3. Im Alltag der Armen Asiens: Maria Mutter des Magnificat (der Nächstenliebe und der Gerechtigkeit) ist mit uns.
Die überwiegende Mehrheit der Asiaten ist arm an materiellen Gütern, aber reich an Kultur und spirituellen Werten. Maria Mutter des Magnificat ist mit ihnen. Gott ist nicht nur derjenige, der Wunder wirkt, sondern auch der Gott Israels, der Gott der Nächstenliebe und der Gerechtigkeit. Dank der marianischen Hymnen werden sich immer mehr Menschen dessen bewusst, dass Gott auf dieser Welt voller Ungerechtigkeit, Hunger und Unterdrückung sein Versprechen nicht vergisst. Besonders den asiatischen Frauen, welche selbst Mütter sind, aber mit vielen Problemen kämpfen müssen, gibt das Gebet an Maria Mutter der Nächstenliebe Kraft auf ihrem Weg zur echten Befreiung, indem es sie von der Wahrheit der Offenbarung überzeugt, d.h. dass Jesus immer mit ihnen ist.
Sie suchen nach einer innigeren Union mit Gott, indem sie den Glauben Mariä Mutter Jesus nachahmen. Denn Maria ist eine Frau, die glaubt, und deren Glauben deswegen immer lebendig ist, weil sie Jesus – liebendes Bild Gottes – widerspiegelt. Im Evangelium erkennen die Asiatinnen, dass Jesus die Liebe Gottes offenbart, indem er auf die Armen, die Kranken, die Ausgegrenzten, die Machtlosen und die normalen Menschen seiner Zeit zugeht. Jesus zeigt uns, wer er ist: der Retter und Erlöser. In seiner Menschheit und Gottheit zeigt er uns, dass Gott mächtig und zugleich liebevoll ist.
Schlussfolgerung:
Das Dokument Ecclesia in Asia aus dem Jahr 1999 beschreibt die Realität und die Bedürfnisse der asiatischen Völker. Es betont Marias Titel als Mutter Christi (EA 20), Mutter aller (EA 51), Christen und Nichtchristen, Stern der Evangelisation und Vorbild aller Jünger (EA 51) und schließlich als Maria Mutter Asiens (Schlussgebet an Maria). Unter den asiatischen Völker ist Maria die barmherzige Mutter (EA 11, 12, 14, 20, 45), Frau des Dialogs und der Kommunion (EA 2, 14, 19, 20) sowie Agentin der Evangelisation (EA 42-49).
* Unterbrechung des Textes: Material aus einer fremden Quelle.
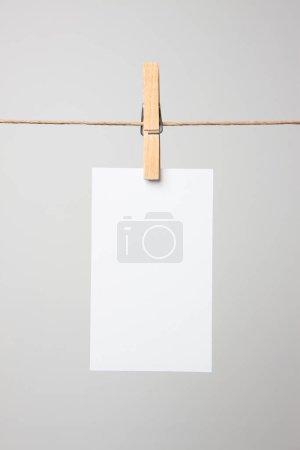 blank card hanging on rope,  copy space 
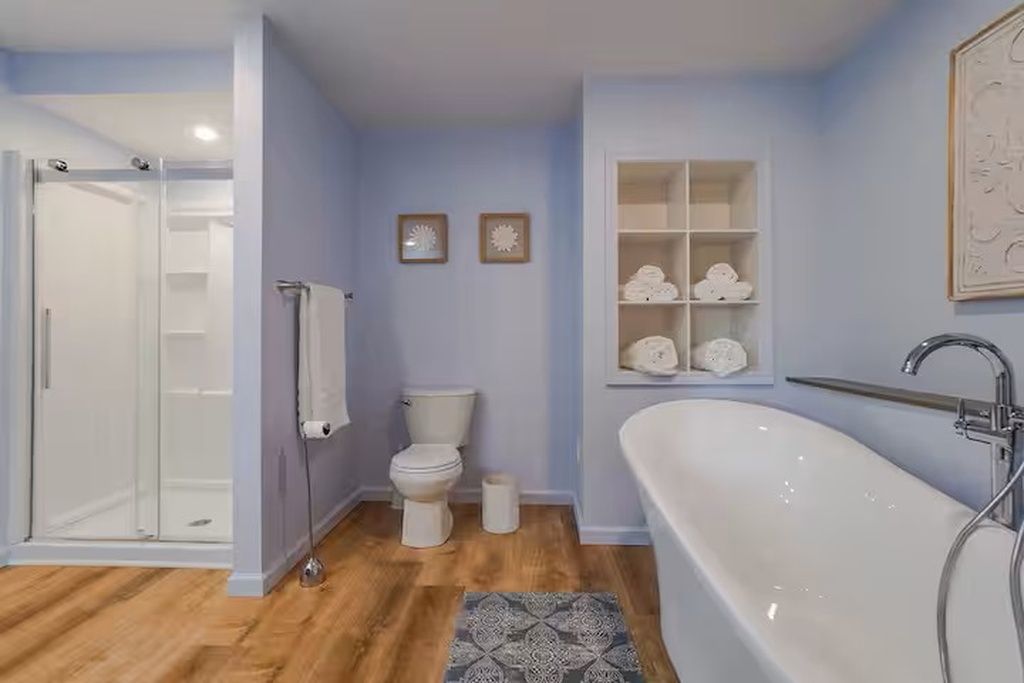 Un baño con ducha, inodoro, bañera y un estante con toallas.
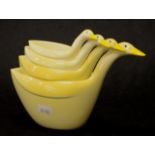 Set four early plastic Swan shape measuring cups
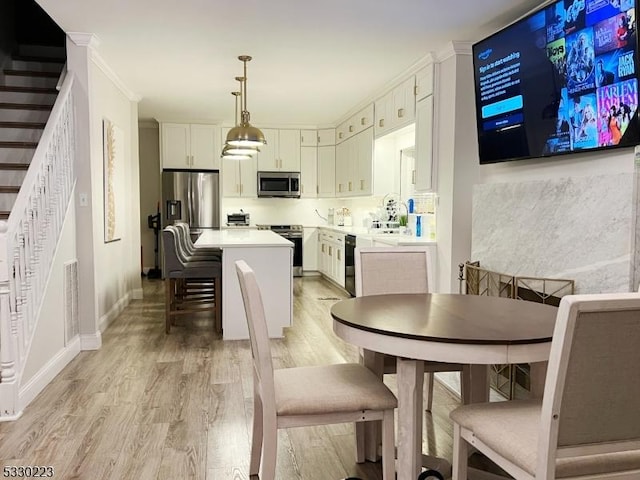 dining area featuring light hardwood / wood-style floors and ornamental molding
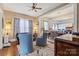 Comfortable living room showing open layout to the dining room, hardwood floors, and bright natural light at 524 W Horah St, Salisbury, NC 28144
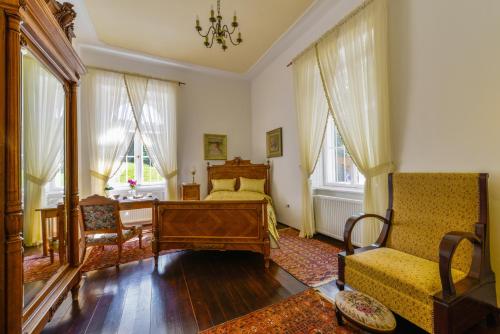 a bedroom with a bed and a desk and a chair at Prónay-kastély in Alsópetény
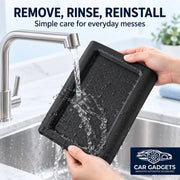 Removable black silicone armrest cover being rinsed under water for cleaning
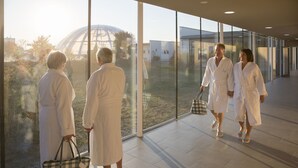 Een moderne hotelentree met grote ramen, een zichtbare glazen koepelstructuur buiten en een ruime, betegelde vloer.
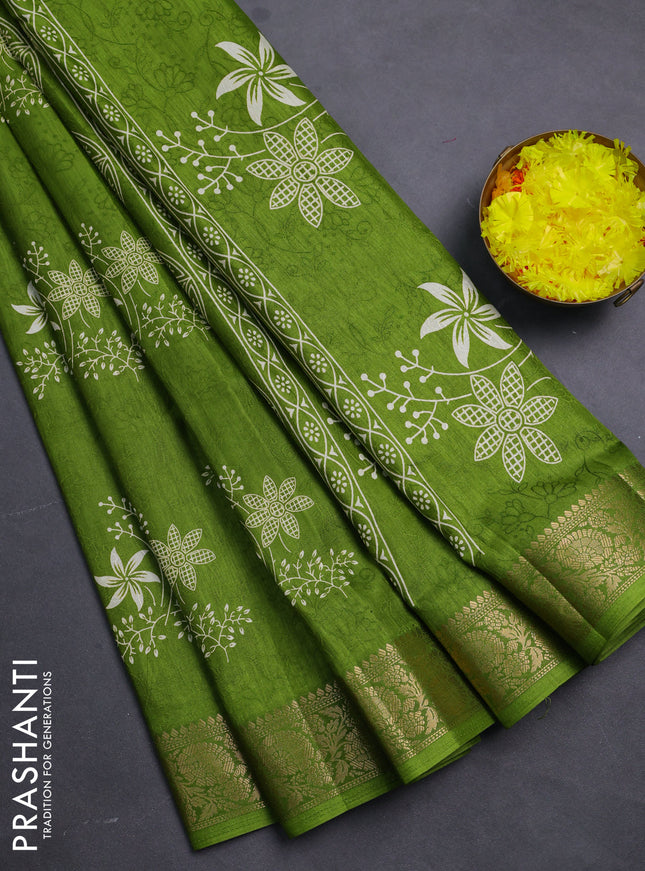 Semi dola saree mehendi green with floral prints & self emboss and zari woven border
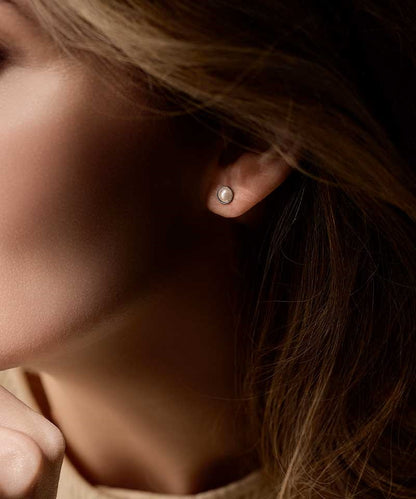 Close-up of a person wearing a nickel-free silver titanium 6mm pearl earring with a blurred background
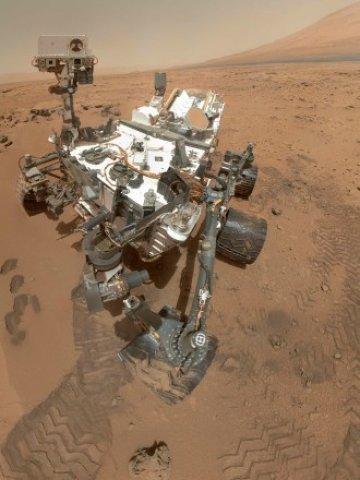<p>
	Марсоходът Curiosity по време на мисията си. <em>Снимка: Ройтерс</em></p>
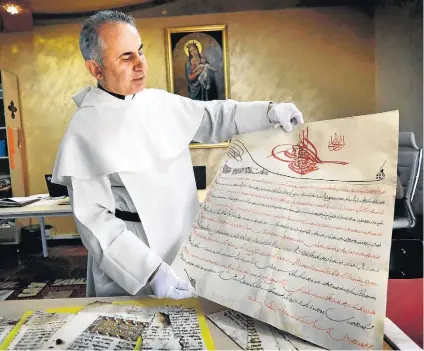  ?? SAFIN HAMED/AFP ?? Salvador. Padre Michael Najeeb exibe um manuscrito do século 16, parte das centenas de documentos que resgatou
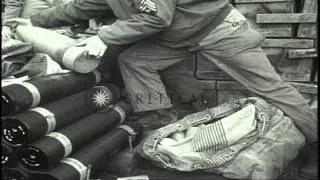 US 5th Army gun crew loads shells into a 105mm howitzer on an M7 motor carriage a...HD Stock Footage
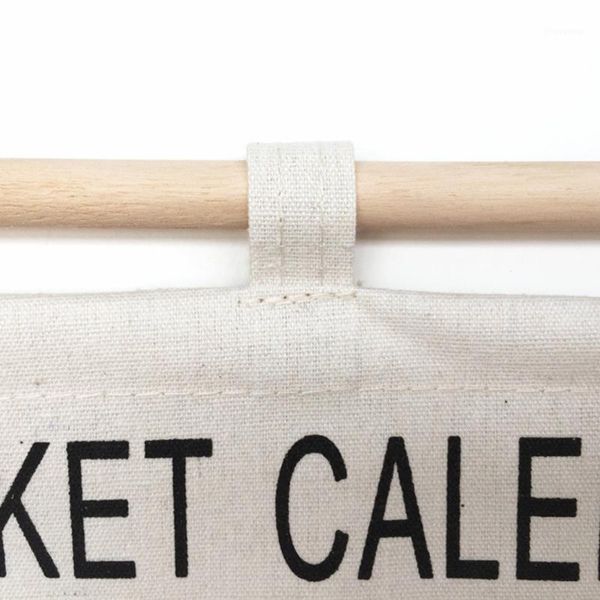 

storage space saving mini pocket office white home organizer calendar indoor cotton linen hanging bag lightweight wall decor1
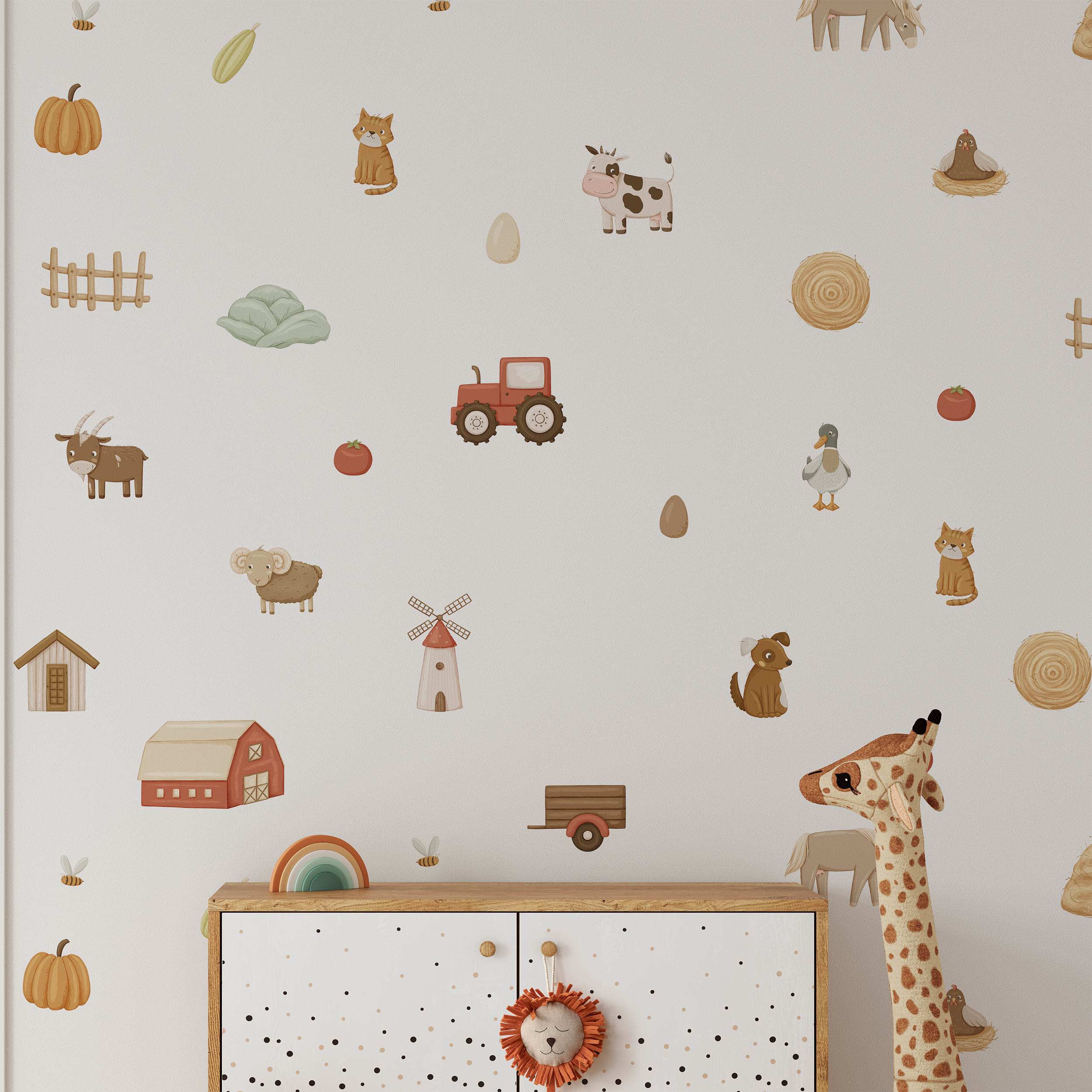A nursery wall adorned with Baby Belle's On The Farm Wall Decals, featuring cows, goats, dogs, ducks, a tractor, barn, windmill, and plants. A plush giraffe stands by a white cabinet for charming decor.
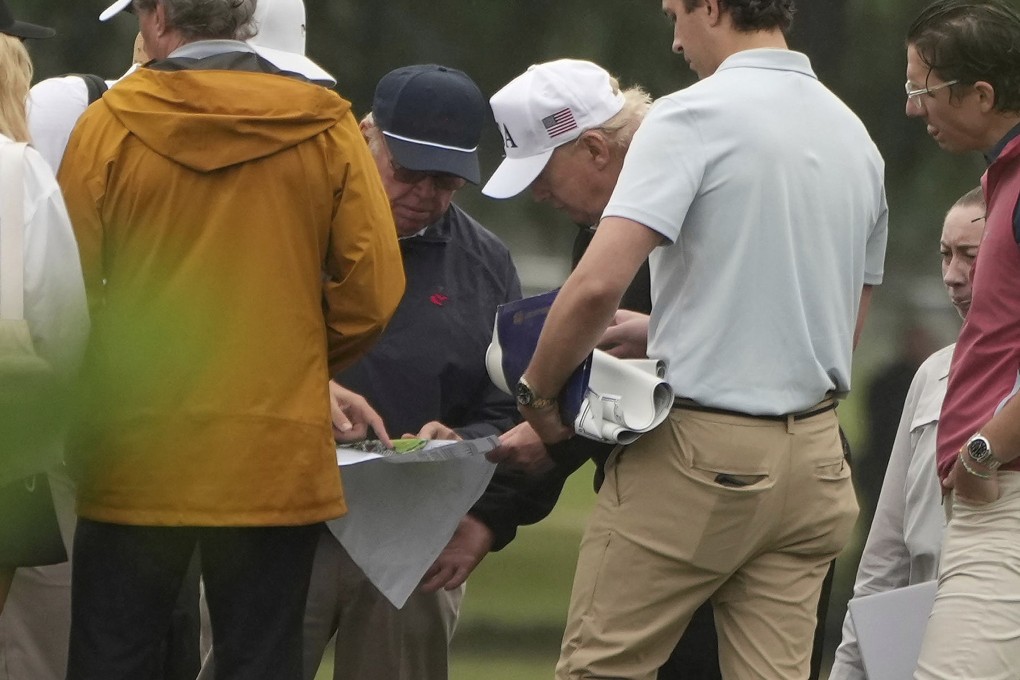 President Donald Trump looks at blueprints while touring the East Potomac Park golf course. Photo: AP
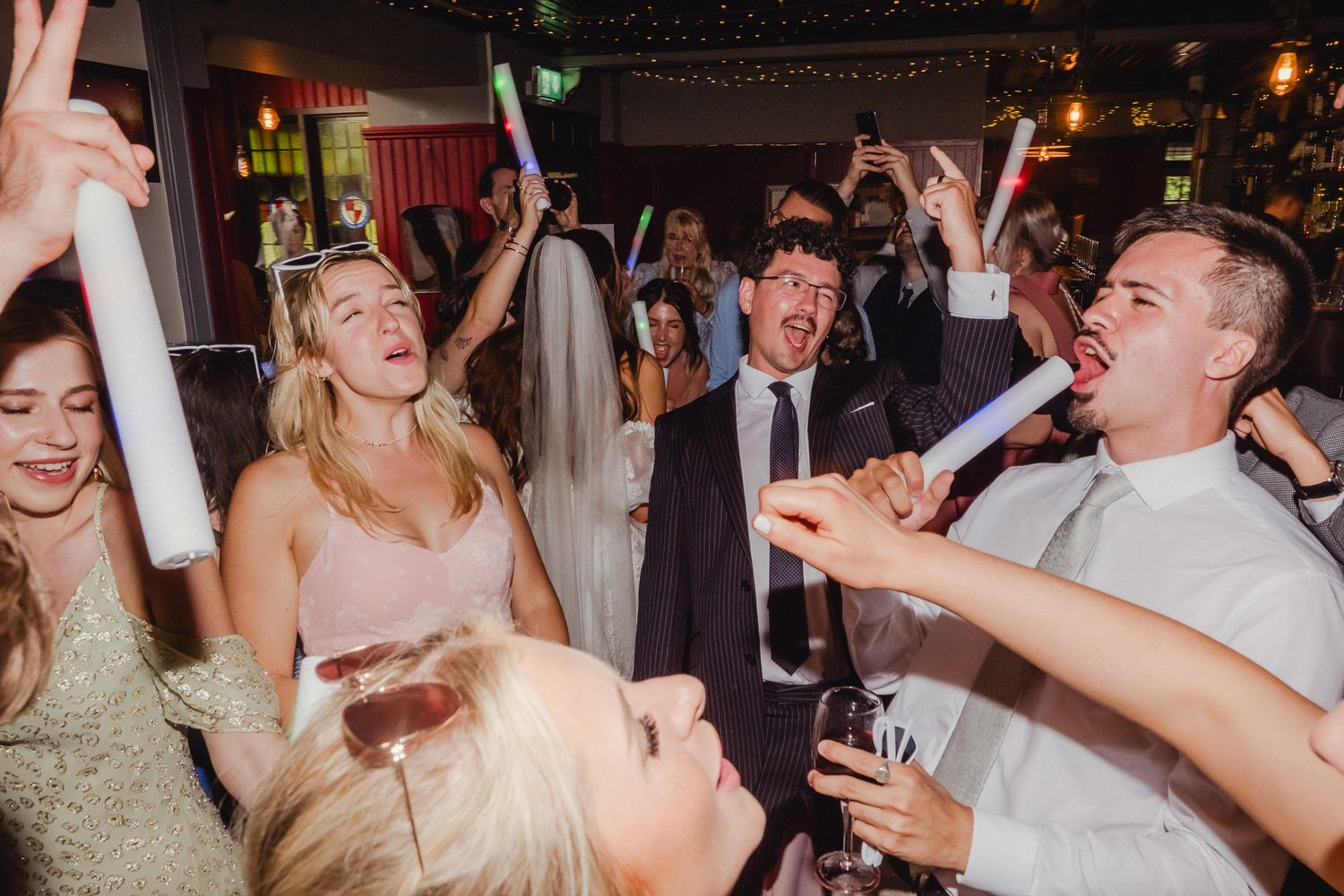 Joyful wedding celebration with people dancing and having fun under ambient lighting at a reception venue.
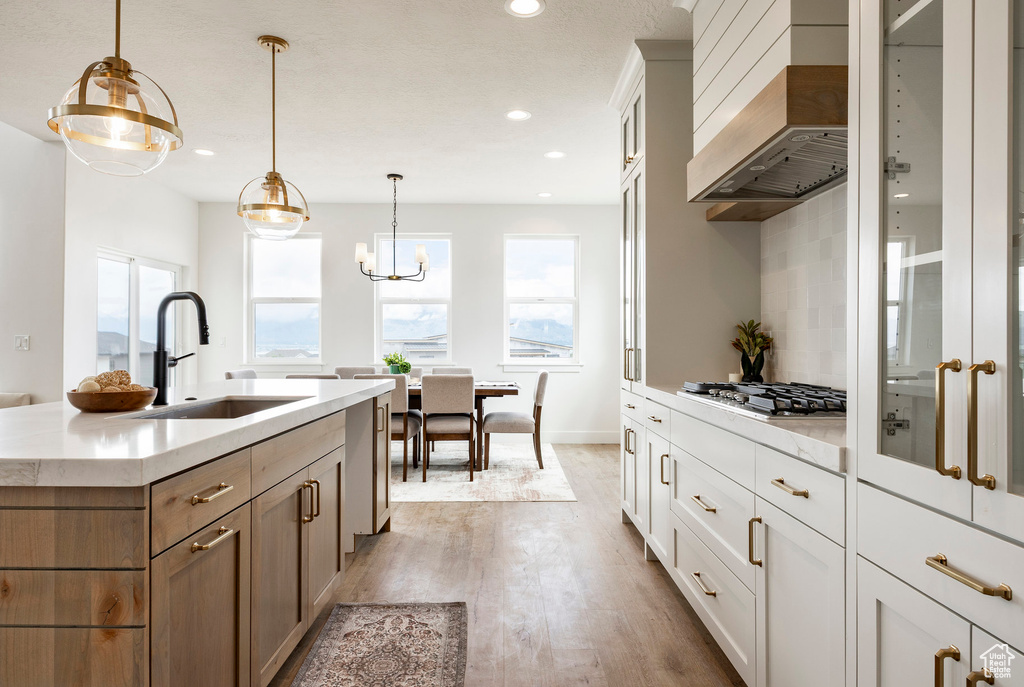 Kitchen featuring custom exhaust hood, light wood-type flooring, stainless steel gas stovetop, glass insert cabinets, and recessed lighting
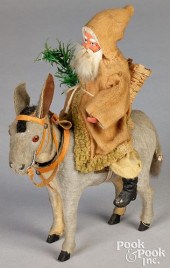 SANTA CLAUS RIDING A NODDING D
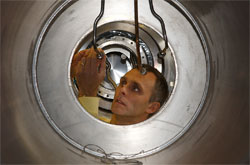 Philip Harris inspects the helium lines on the neutron EDM apparatus.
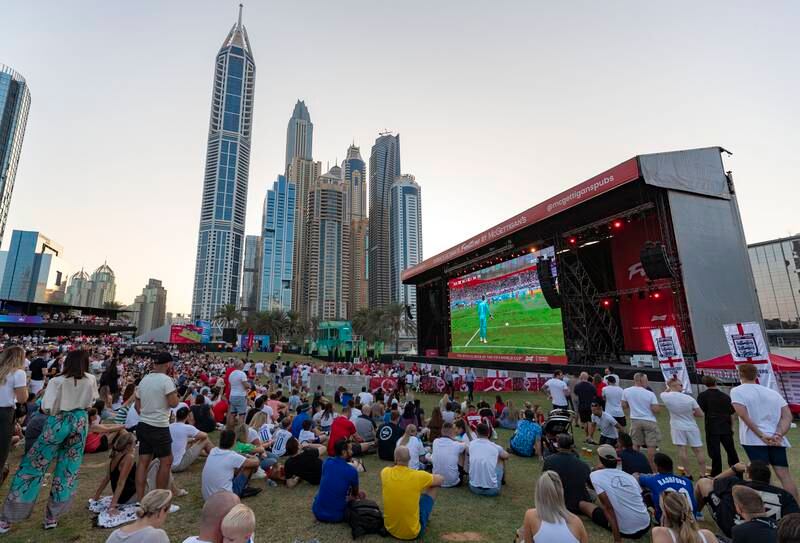 England and Iran fans at the Dubai Media City fanzone for World Cup. Media City, Dubai. Chris Whiteoak / The National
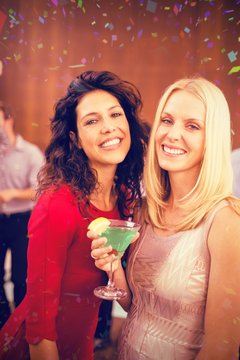 Composite image of portrait of beautiful women having drinks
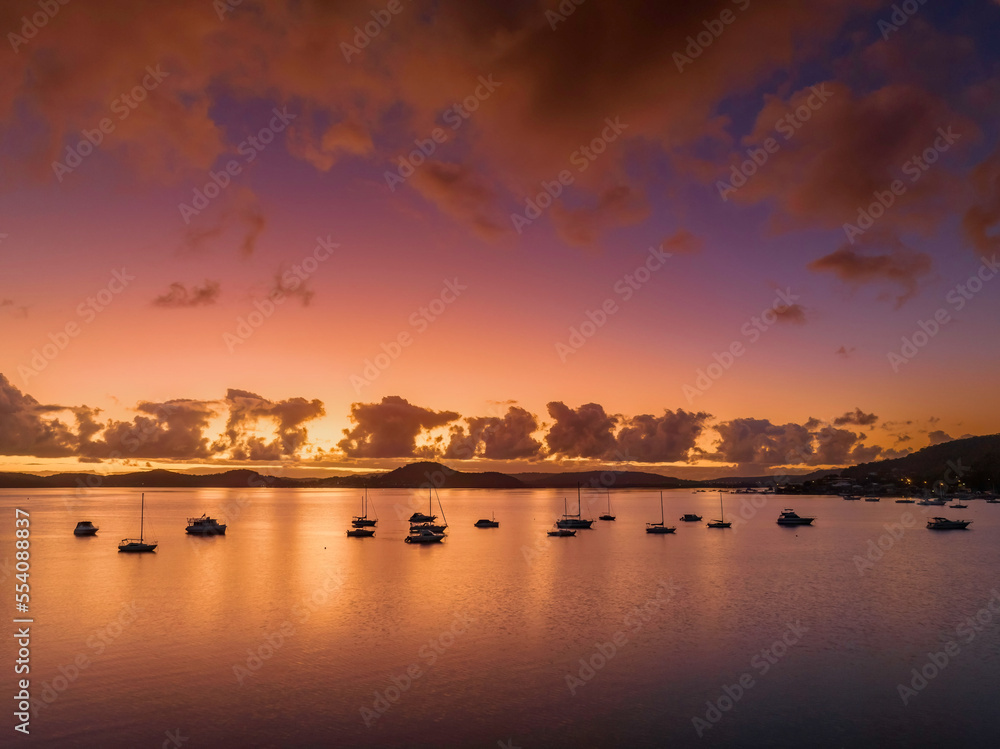 Aerial sunrise waterscape with boats, clouds and reflections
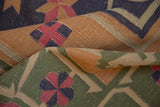 Vintage Dhurrie flatweave detail showcasing gold, dusty navy, and raspberry geometric patterns.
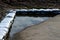 Sandbags ripped from the side of the road protect against flood waves or torrential rains during the monsoon. the water is directe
Wir sind dazu aufgerufen, als asiatische Katholiken ein marianisches Leben durch die Nachahmung des mütterlichen Verhaltens Mariä zu leben: lebensspendend, einheitsfördernd, barmherzig und eins mit der Trinität. Maria als Mutter Gottes, Theotokos und Mutter aller Gläubigen – unser aller – ist auf unserer Glaubensreise zu einem neuen Himmel und zu einer neuen Erde immer präsent.
1
Vgl. Rahner, K., Mary, Mother of the Lord, New York, Herder and Herder, 1963, S.25.